How to ride the wave

I recently did a Shamanic journey where I asked for guidance on working with my mare Diva. This is what I was shown.

I was met in the Lower world by a mermaid. She motioned for me to follow her. I dove in and found I had 'mermaid legs' as well. She took me the ocean. It was here that she brought my attention to the waves. The waves are always there. Sometimes big, sometimes small, sometimes violent, and sometimes calm. But nevertheless, they are always there.

"We can choose to ride on top of the wave for a pleasant ride to the shore. Or we can tumble with the wave for a bumpy ride to shore. Either way you will still make it to the shore. There is no wrong answer but just a matter of choice."

She told me the way back was on the sea floor and that once I dove in I would know how to find me way back. Concerned that I would be alone I asked if she as coming with me. She replied that in fact she was coming with me but that I was to lead the way and she would be there if help was needed. I dove down and just past the corral was the pathway back. It seemed so clear and simple. To just trust and move forward.
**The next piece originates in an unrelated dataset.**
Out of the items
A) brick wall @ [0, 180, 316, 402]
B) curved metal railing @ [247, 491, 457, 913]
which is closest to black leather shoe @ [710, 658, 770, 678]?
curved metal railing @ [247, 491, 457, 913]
It was a very short and very succinct journey. The message was simple and clear. Be consistent with her. By making a choice to work with her on a regular basis I will be able to ride the top of the wave with her. But working inconsistently with her will result in a more turbulent wave. Neither will be wrong, it will just be a matter of choice as to how I got there.
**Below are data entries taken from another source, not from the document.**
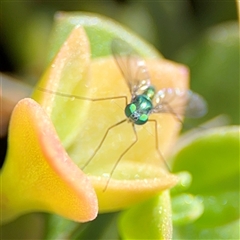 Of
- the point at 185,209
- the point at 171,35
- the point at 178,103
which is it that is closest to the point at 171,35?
the point at 171,35

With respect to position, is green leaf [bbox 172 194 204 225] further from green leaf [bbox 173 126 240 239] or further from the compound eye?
the compound eye

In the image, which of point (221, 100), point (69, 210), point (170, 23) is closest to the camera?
point (69, 210)

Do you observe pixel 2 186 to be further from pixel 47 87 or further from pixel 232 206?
pixel 232 206

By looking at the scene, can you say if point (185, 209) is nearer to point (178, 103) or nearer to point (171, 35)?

I know this seems so simple but when it comes to personal animals I tend to get in my own way and think too much. Doing this journey allowed me to get out of my own way, follow my inner guide to hear the information that was here for me all along but from a different perspective. The imagery of the wave was interesting to me. I don't tend to connect to the ocean as much as mountains. The ocean is somewhat daunting to me. It felt fluid and supportive of me. It felt full of opportunity. I enjoyed being taken to a place that I am not comfortable with in order to see things from a different
perspective.

Speaking of an uncomfortable place...isn't it curious that my most current blogs have been ocean related? Fun.

How are you going to ride the wave?

Tuesday, February 12, 2013

Sharks in the Water

Recently I received a Reiki session from a friend. I haven't had a specific Reiki session in years and I have never worked with this practitioner before but knew her from other circumstances.

The session itself was lovely, revealing, unnerving, and gentle. It was an eye opening experience for me. I enjoyed being with a practitioner as gentle and nurturing as she was. It is something that doesn't always come easy for me.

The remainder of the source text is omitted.